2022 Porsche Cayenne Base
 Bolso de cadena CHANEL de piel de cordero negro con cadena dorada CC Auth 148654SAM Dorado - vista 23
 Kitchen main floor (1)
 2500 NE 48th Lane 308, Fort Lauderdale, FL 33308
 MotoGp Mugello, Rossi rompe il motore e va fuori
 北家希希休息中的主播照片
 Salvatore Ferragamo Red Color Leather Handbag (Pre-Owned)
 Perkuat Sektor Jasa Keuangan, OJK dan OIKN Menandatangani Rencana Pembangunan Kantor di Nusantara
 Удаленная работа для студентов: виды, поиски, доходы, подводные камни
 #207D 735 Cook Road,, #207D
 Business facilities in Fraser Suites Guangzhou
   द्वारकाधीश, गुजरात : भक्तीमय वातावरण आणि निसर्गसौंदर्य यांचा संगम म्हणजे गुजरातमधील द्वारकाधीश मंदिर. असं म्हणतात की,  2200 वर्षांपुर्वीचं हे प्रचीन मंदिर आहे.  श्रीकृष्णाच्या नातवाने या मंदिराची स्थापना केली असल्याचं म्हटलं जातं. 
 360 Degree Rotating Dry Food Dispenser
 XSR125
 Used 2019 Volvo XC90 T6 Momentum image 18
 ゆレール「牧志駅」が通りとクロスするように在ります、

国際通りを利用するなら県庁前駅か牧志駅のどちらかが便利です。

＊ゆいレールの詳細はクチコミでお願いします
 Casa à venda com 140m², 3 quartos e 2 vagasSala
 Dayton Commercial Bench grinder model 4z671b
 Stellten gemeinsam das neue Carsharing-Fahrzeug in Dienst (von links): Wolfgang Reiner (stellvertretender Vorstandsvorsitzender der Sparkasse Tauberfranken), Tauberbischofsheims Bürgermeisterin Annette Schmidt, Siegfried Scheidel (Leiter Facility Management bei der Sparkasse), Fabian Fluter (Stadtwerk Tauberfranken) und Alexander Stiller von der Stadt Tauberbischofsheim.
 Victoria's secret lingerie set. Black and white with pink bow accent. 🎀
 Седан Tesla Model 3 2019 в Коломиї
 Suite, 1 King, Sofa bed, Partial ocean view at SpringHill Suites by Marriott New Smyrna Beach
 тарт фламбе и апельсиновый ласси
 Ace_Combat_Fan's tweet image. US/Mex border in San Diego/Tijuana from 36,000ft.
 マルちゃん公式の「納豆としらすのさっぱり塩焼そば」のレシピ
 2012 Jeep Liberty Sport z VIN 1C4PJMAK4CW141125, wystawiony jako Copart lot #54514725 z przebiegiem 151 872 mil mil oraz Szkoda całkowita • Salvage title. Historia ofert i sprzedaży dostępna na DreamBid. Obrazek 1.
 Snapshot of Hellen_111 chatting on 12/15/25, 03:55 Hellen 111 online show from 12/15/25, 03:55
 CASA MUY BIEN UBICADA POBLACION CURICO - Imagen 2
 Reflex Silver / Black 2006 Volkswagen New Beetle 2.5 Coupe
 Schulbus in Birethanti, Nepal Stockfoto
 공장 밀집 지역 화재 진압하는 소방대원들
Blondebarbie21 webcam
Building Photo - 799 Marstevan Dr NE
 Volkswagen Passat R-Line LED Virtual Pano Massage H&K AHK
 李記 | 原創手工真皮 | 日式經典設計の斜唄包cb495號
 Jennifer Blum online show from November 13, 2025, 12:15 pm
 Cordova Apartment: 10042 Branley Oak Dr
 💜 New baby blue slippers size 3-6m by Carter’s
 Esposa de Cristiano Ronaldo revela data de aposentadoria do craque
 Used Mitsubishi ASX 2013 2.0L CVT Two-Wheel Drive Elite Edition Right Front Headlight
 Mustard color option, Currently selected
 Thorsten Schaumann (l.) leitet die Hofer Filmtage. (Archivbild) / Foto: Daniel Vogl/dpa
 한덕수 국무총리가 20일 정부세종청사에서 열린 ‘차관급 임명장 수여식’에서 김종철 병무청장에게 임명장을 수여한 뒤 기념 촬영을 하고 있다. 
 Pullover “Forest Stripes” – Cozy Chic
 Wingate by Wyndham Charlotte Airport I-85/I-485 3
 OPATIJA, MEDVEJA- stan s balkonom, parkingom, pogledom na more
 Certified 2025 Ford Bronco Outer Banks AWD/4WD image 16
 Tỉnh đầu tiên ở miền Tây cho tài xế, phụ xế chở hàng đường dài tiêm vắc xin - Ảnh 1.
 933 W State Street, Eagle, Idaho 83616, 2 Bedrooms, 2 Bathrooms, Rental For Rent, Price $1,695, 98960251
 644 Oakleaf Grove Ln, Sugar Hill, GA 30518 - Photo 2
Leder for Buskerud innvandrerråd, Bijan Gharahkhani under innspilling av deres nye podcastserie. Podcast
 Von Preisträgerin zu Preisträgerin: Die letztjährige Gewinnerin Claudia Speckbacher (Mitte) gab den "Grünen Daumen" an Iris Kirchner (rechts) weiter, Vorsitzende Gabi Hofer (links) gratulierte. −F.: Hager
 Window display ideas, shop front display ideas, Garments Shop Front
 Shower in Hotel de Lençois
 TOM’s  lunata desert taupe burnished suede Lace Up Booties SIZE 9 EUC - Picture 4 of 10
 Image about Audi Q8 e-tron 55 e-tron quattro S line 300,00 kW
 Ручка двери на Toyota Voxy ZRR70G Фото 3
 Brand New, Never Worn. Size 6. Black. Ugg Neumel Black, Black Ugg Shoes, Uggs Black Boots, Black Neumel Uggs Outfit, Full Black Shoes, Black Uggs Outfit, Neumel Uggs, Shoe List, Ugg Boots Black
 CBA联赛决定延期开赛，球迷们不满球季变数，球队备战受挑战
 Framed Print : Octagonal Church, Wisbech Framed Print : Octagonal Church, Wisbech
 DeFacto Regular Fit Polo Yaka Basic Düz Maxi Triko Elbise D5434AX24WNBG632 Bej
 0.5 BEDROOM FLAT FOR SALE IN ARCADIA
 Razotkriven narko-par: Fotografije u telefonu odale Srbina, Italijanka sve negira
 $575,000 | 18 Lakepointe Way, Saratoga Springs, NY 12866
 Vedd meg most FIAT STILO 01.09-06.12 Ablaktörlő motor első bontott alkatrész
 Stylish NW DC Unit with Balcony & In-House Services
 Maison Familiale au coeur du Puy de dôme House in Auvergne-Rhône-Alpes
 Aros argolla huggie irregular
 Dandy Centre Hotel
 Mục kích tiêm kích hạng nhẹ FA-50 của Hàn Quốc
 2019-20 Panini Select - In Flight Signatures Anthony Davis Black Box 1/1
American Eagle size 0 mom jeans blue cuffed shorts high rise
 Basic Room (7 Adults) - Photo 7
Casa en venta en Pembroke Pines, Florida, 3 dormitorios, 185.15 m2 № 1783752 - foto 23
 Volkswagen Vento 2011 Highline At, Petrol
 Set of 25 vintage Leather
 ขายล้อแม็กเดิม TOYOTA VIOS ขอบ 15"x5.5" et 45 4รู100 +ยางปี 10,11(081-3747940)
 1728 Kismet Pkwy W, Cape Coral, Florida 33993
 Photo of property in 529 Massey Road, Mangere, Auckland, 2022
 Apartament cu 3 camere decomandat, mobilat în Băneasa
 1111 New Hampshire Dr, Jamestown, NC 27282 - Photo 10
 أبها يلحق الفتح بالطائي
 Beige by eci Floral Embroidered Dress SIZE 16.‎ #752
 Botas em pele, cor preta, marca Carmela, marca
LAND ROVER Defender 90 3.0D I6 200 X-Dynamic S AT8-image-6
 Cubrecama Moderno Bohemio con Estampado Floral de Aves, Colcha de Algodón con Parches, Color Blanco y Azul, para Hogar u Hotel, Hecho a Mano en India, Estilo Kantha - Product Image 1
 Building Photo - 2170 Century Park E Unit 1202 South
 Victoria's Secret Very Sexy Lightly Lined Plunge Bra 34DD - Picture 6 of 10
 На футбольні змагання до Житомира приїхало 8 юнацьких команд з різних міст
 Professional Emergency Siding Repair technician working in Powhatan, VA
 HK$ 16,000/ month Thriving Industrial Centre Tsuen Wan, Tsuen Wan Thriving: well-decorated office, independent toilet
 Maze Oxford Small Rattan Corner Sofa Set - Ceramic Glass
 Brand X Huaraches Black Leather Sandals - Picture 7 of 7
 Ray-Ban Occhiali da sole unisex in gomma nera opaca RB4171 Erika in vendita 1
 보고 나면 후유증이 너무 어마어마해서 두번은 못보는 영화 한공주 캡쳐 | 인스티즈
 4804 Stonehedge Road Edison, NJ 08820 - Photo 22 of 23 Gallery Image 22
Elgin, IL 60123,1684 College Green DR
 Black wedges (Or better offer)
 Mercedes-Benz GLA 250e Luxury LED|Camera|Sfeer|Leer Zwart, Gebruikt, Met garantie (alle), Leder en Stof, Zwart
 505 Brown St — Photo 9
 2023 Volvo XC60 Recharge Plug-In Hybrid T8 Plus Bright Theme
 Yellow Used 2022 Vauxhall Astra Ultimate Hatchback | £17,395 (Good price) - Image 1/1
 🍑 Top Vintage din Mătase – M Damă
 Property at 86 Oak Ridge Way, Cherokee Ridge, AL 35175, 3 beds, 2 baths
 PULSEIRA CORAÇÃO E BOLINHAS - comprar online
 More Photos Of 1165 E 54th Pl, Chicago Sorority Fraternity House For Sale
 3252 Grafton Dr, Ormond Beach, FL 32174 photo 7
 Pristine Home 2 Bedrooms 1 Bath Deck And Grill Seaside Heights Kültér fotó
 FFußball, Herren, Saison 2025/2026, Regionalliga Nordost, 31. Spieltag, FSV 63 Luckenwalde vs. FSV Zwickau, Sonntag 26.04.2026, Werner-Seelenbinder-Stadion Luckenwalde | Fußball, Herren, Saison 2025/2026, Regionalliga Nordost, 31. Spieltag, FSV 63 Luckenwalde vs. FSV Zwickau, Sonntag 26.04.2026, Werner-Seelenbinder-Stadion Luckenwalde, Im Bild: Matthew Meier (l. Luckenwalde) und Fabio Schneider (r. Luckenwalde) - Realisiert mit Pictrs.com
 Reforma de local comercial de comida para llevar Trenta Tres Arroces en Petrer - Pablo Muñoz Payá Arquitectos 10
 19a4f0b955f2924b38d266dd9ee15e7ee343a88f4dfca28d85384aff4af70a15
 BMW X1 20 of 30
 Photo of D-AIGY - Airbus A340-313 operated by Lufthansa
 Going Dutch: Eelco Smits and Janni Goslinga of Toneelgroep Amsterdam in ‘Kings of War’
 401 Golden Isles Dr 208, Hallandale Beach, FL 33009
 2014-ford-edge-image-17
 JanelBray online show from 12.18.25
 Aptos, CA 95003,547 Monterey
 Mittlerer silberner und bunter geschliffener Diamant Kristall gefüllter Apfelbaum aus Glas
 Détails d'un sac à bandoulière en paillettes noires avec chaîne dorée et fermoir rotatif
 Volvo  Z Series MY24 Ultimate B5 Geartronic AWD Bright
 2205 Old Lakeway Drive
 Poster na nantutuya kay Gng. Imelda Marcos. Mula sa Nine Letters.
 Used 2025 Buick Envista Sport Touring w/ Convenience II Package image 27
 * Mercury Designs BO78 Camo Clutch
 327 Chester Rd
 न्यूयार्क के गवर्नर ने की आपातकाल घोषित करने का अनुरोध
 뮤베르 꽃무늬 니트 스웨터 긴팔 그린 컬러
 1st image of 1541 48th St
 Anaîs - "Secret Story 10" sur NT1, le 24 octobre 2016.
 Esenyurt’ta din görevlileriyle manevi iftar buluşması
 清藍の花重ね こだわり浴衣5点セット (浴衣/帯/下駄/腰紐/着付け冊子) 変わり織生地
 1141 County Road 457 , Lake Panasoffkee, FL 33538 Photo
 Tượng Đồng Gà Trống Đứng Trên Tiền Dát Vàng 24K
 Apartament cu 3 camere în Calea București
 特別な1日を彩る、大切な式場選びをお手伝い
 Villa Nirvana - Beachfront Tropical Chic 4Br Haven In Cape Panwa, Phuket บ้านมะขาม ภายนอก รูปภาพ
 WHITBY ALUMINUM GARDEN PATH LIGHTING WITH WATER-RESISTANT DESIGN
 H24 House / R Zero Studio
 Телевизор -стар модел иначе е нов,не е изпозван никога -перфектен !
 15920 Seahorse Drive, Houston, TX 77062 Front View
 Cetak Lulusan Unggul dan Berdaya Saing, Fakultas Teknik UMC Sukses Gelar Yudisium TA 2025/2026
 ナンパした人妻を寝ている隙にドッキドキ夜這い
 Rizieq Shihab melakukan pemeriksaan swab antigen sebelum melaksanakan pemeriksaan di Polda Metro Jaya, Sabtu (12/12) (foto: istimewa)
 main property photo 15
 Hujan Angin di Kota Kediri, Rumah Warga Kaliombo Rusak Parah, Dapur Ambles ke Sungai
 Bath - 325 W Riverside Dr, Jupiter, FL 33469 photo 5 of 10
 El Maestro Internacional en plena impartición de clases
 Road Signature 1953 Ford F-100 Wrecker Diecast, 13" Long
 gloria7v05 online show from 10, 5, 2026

» WHAT YOU SHOULD DO
I'd like the lines above from the one with "тарт фламбе и апельсиновый ласси" up to and including the one with "Snapshot of Hellen_111" copied exactly, with no other lines.

» ANSWER TO THIS PROBLEM
 тарт фламбе и апельсиновый ласси
 Ace_Combat_Fan's tweet image. US/Mex border in San Diego/Tijuana from 36,000ft.
 マルちゃん公式の「納豆としらすのさっぱり塩焼そば」のレシピ
 2012 Jeep Liberty Sport z VIN 1C4PJMAK4CW141125, wystawiony jako Copart lot #54514725 z przebiegiem 151 872 mil mil oraz Szkoda całkowita • Salvage title. Historia ofert i sprzedaży dostępna na DreamBid. Obrazek 1.
 Snapshot of Hellen_111 chatting on 12/15/25, 03:55 Hellen 111 online show from 12/15/25, 03:55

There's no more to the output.